Hector
LaSala
W. Geoff Gjertson, AIA
Architects/Professors
Lafayette, Louisiana, U.S.
Link: Building Institute website
Submission: "Building Institute"
Situated Learning: The Building Institute
Since its inception, the Building Institute has aimed to open up
new paths for the learning processes of our students by inserting
them into a social context that they have rarely encountered in any
meaningful way: the world of chronic poverty, homelessness, addiction,
mental illness, and the non-profit agencies that are in the trenches
of these societal battlefronts.
In order to achieve a critical and active learning opportunity for
our students, our effort- the Building Institute, like the Rural
Studio, deliberately places them into a slice of present day America
where physical and societal conditions are at a crisis point. While
their design and constructing skills generate the most visible outcomes,
this should not diminish the impact that these participations have
had on their capacity to reflect on their culture, social conditions,
and communal needs. This sustained encounter by our students with
at-risk populations has altered our students' critical and ethical
thinking in ways that are hard to measure but are real nevertheless.
Mending Tears
Like most other architecture schools in the country, our university
is located in a city that has urgent needs and critical tears in
its social fabric that require immediate design intervention. For
the last four years, these interventions have formed the basis of
projects that, in the context of the academic semester, must yield
quick results. Therefore, we have adopted a strategy that we term
accelerated fabrications - projects designed and fabricated on a
very fast track.
An added bonus of accelerated fabrications is their catalytic effect
upon the communities where they are built. They work as a kind of
environmental first-aid. Often these communities have been deprived
for so long, this quick turn around offers them a tantalizing first
glimpse of the larger vision our Building Institute can provide.
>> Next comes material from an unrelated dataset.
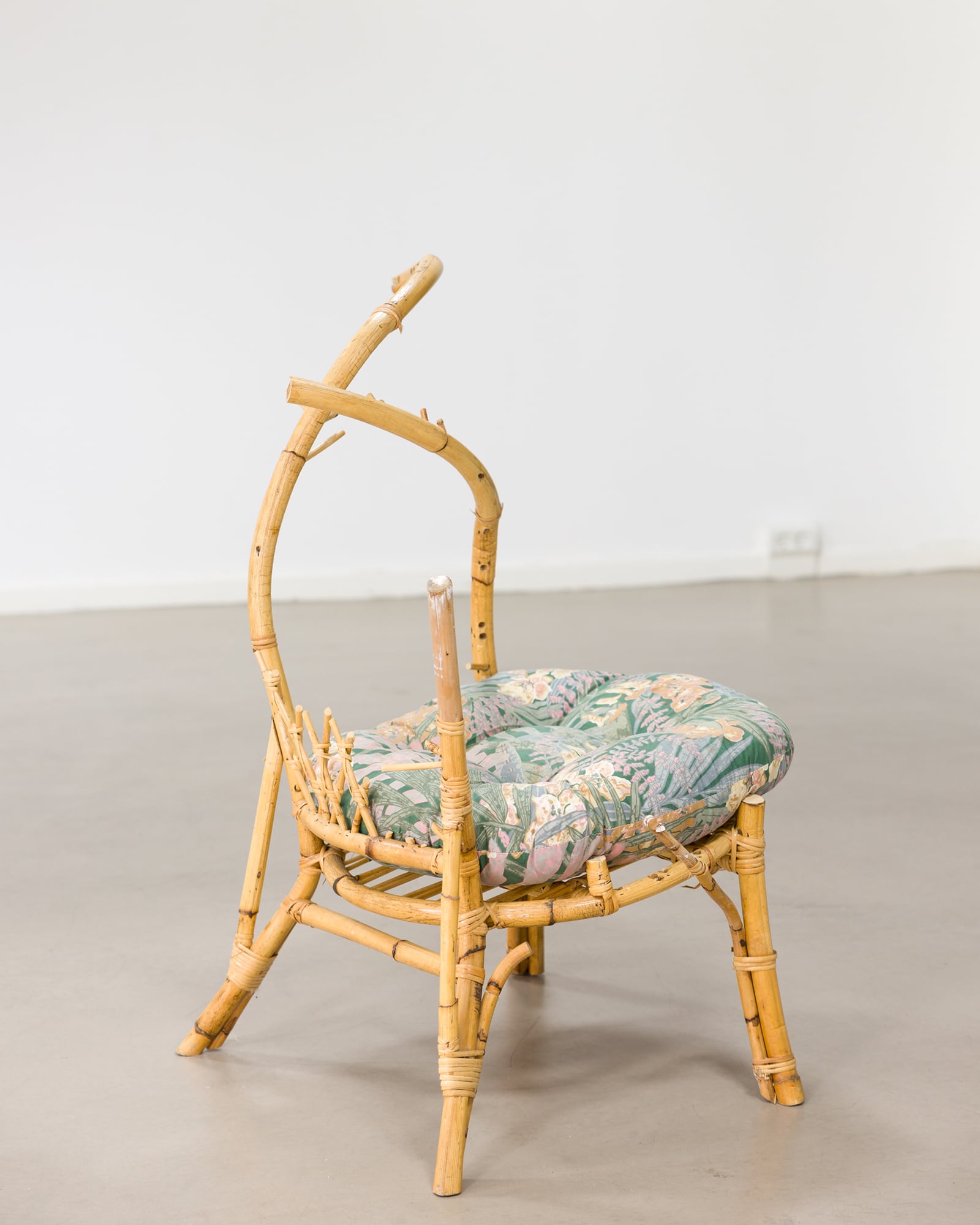 article image; primary-color: #D5CDC2;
Finally, the effect of the Building Institute’s projects upon
our students is profound. The responsibilities and ethics instilled
through the projects have had both immediate and long-range effects
now beginning to be revealed.
Acadiana Outreach Center Projects
In the Fall of 2003, the Center’s Director, Valerie Keller,
requested the help of the School of Architecture in designing a storage
system to aid in organizing donations; however, as a result of several
visits to the site–a city block full of sprawled and disconnected
structures–the students and faculty observed a terrible contradiction:
while the Center’s mission is “Giving People Back Their
God-Given Dignity,” the physical environment and facilities
were depressing, coarse, and spiritually degrading.
In order to begin to immediately address the dominance of the degraded
environment, one of the accelerated fabrications began to take shape.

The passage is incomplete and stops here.